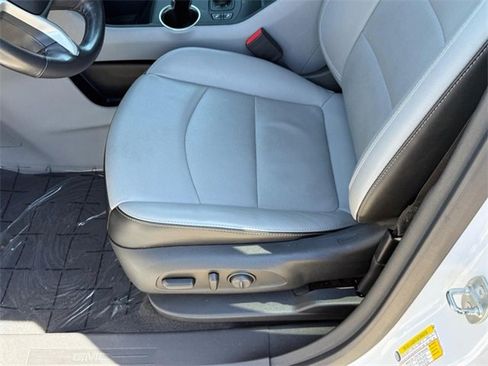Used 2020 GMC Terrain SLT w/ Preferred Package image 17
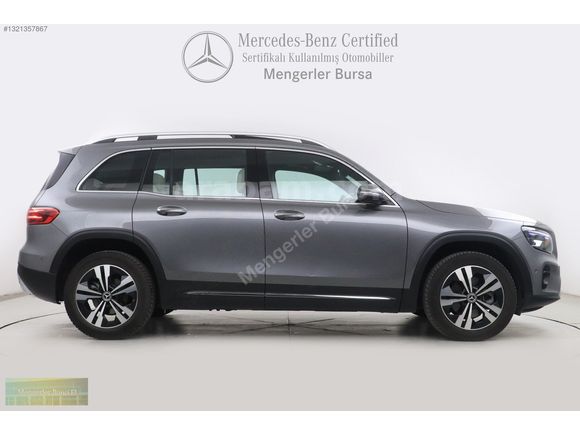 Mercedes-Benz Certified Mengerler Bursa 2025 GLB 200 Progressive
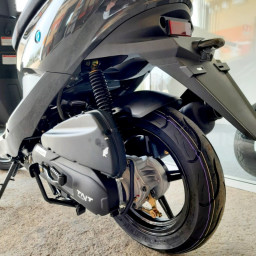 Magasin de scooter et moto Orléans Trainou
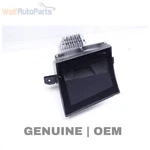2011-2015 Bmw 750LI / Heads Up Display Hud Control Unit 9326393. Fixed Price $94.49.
==
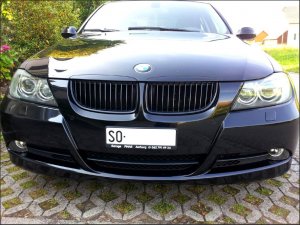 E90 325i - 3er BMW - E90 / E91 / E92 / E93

ASSIGNMENT:
In the listing above, find the line containing "Used 2020 GMC" and the line containing "2011-2015 Bmw 750LI", then write out both of them and every line between, exactly, with no pictures.

EXPECTED OUTPUT:
Used 2020 GMC Terrain SLT w/ Preferred Package image 17
 Mercedes-Benz Certified Mengerler Bursa 2025 GLB 200 Progressive
 Magasin de scooter et moto Orléans Trainou
2011-2015 Bmw 750LI / Heads Up Display Hud Control Unit 9326393. Fixed Price $94.49.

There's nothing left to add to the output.